Source records
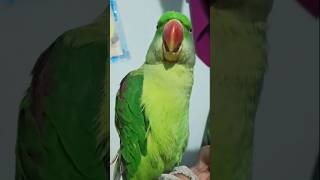 parrotnaturalparrotsoundshortvideo [upl. by Ana]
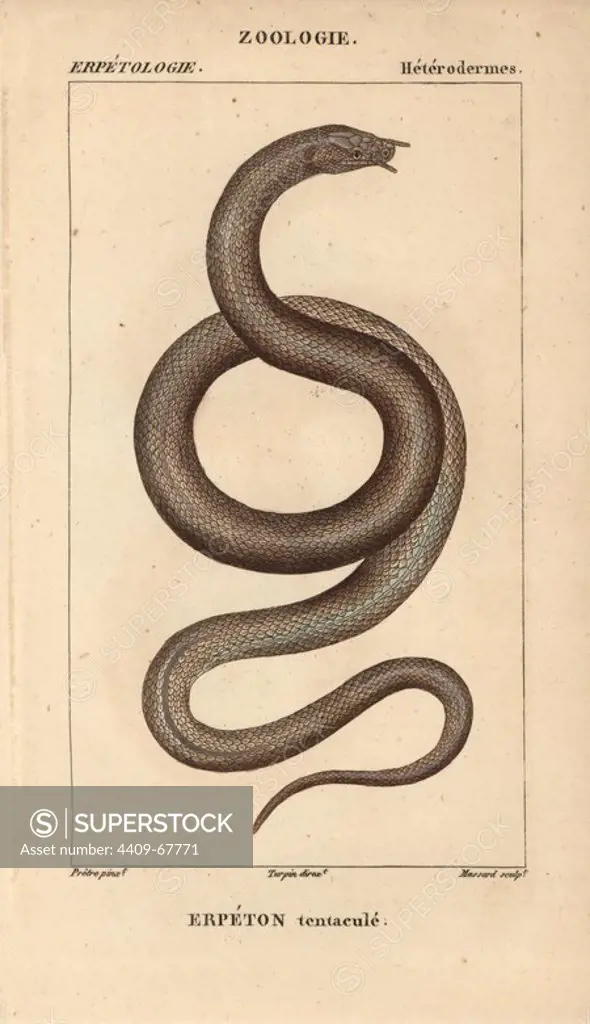 Tentacled snake, erpeton tentacule, Erpeton tentaculatum. Handcoloured copperplate stipple engraving from Jussieu's "Dictionnaire des Sciences Naturelles" 1816-1830. The volumes on fish and reptiles were edited by Hippolyte Cloquet, natural historian and doctor of medicine. Illustration by J.G. Pretre, engraved by Massard, directed by Turpin, and published by F. G. Levrault. Jean Gabriel Pretre (1780~1845) was painter of natural history at Empress Josephine's zoo and later became artist to the Museum of Natural History.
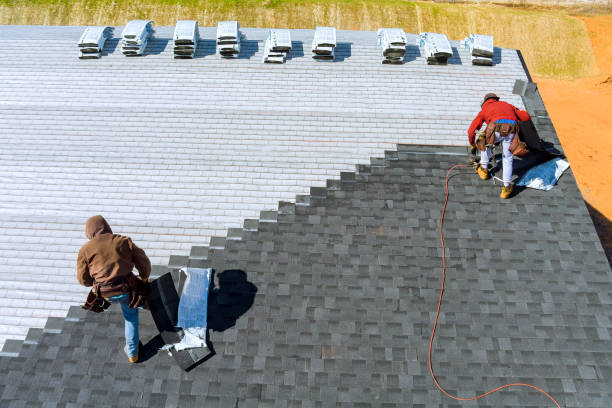 Best Storm Damage Roof Repair  in Forest, VA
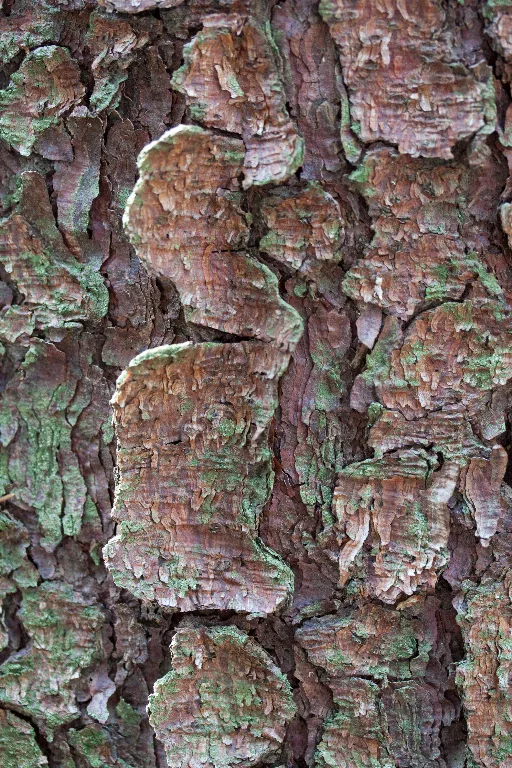 Img 0342 main texture preview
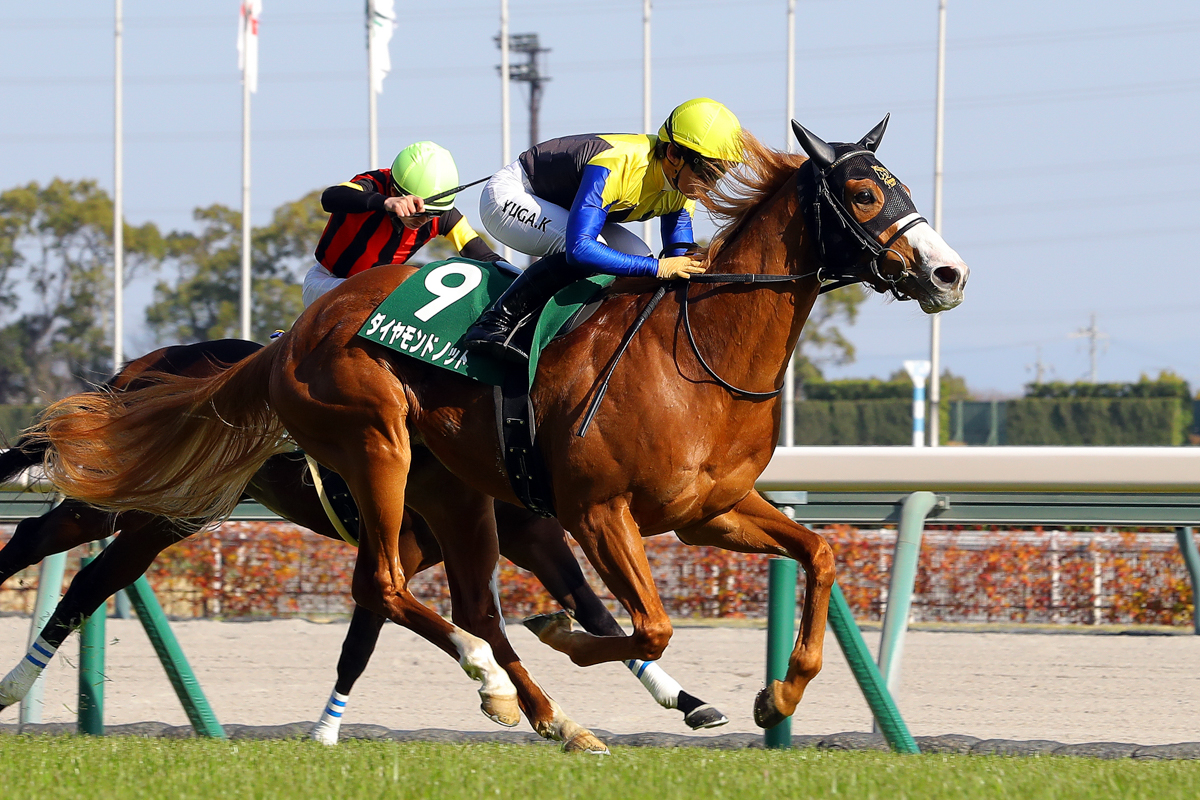 函館２歳Ｓ勝ち馬エイシンディードに１馬身1/4差を付けて、１番人気に応えたダイヤモンドノット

**Task description:** Could you write out exactly the lines running from the one with "Img 0342 main texture preview" through the last line of the data above, both ends kept, and omit any picture?

**Reply to the task:**
 Img 0342 main texture preview
 函館２歳Ｓ勝ち馬エイシンディードに１馬身1/4差を付けて、１番人気に応えたダイヤモンドノット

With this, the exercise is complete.